- _WORK INSTRUCTION_
Beginning with the line that contains "Spider_Monkeys_Santa_Rosa,_Bolivia_(6_of_8).jpg (Adrian O'Brien)" and ending with the line that contains "سعودية - جازان", reproduce the lines of the entries below exactly, omitting pictures.

Top of RECORDS PROVIDED

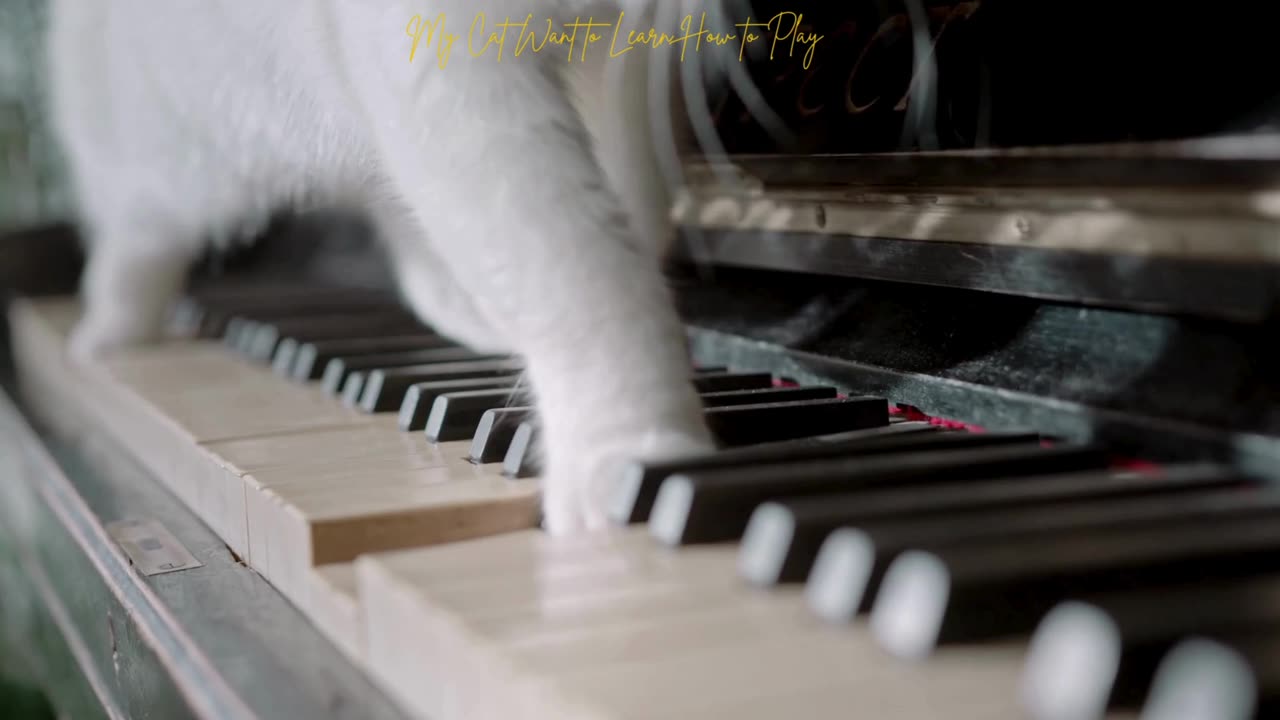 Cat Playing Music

Bottom of RECORDS PROVIDED
Top of RECORDS PROVIDED

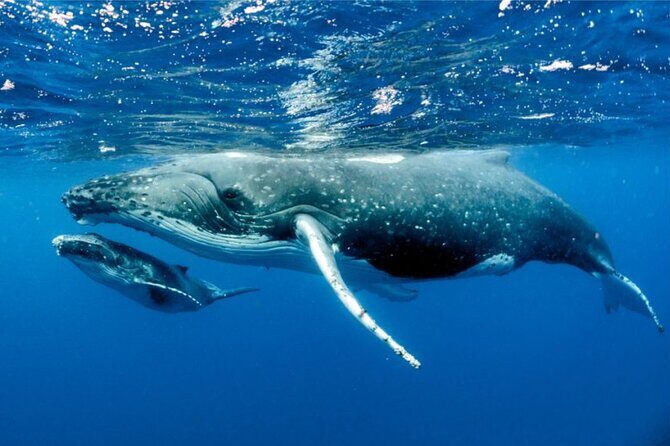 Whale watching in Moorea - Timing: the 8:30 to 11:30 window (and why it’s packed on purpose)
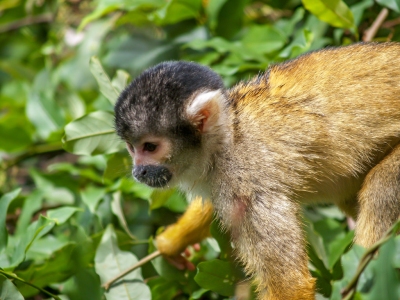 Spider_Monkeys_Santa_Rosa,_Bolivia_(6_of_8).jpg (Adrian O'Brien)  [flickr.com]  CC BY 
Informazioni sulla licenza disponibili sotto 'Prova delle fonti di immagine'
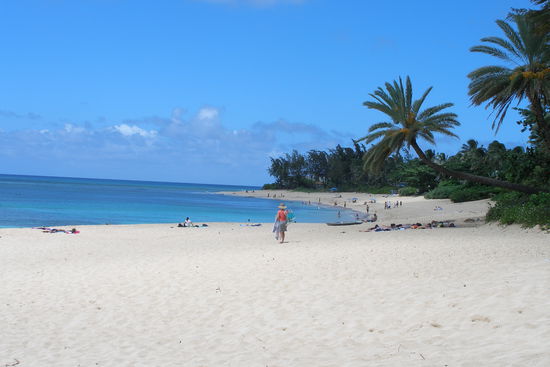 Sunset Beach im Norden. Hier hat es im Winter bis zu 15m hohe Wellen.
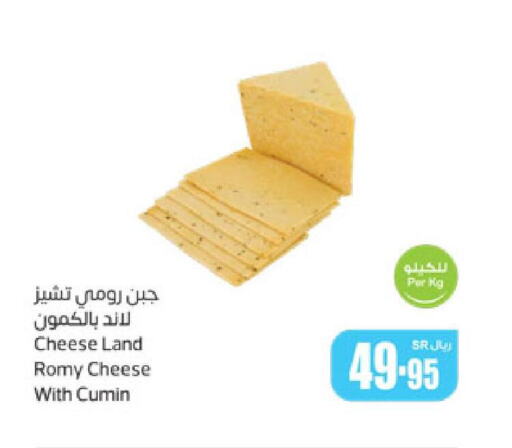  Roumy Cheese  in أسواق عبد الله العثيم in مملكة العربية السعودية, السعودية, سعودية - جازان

Bottom of RECORDS PROVIDED

- _TASK RESULT_
 Spider_Monkeys_Santa_Rosa,_Bolivia_(6_of_8).jpg (Adrian O'Brien)  [flickr.com]  CC BY 
Informazioni sulla licenza disponibili sotto 'Prova delle fonti di immagine'
 Sunset Beach im Norden. Hier hat es im Winter bis zu 15m hohe Wellen.
  Roumy Cheese  in أسواق عبد الله العثيم in مملكة العربية السعودية, السعودية, سعودية - جازان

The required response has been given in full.